Copy, exactly and without additions, every line in the records below from the one holding "stock A menina" through the one holding "Marina Motel hotel hero", both ends included.

- RECORDS SHOWN -
○ ○ ○ ○ ○

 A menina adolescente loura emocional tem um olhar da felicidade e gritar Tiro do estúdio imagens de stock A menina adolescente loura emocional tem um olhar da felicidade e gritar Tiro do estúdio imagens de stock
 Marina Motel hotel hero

○ ○ ○ ○ ○

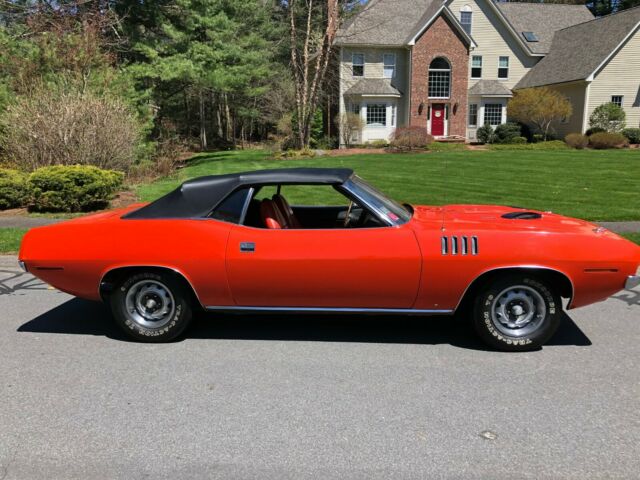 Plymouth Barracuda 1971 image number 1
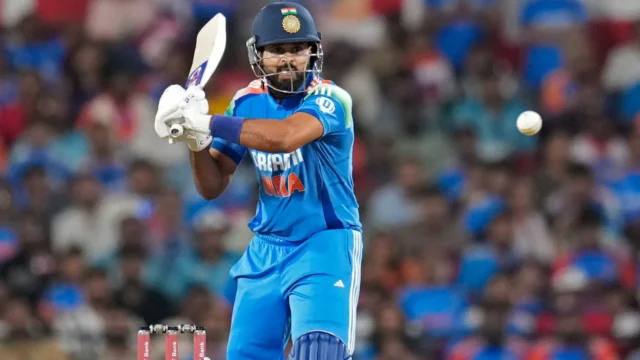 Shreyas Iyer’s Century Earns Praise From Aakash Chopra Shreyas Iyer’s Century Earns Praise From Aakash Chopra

○ ○ ○ ○ ○

- TASK RESULT -
 A menina adolescente loura emocional tem um olhar da felicidade e gritar Tiro do estúdio imagens de stock A menina adolescente loura emocional tem um olhar da felicidade e gritar Tiro do estúdio imagens de stock
 Marina Motel hotel hero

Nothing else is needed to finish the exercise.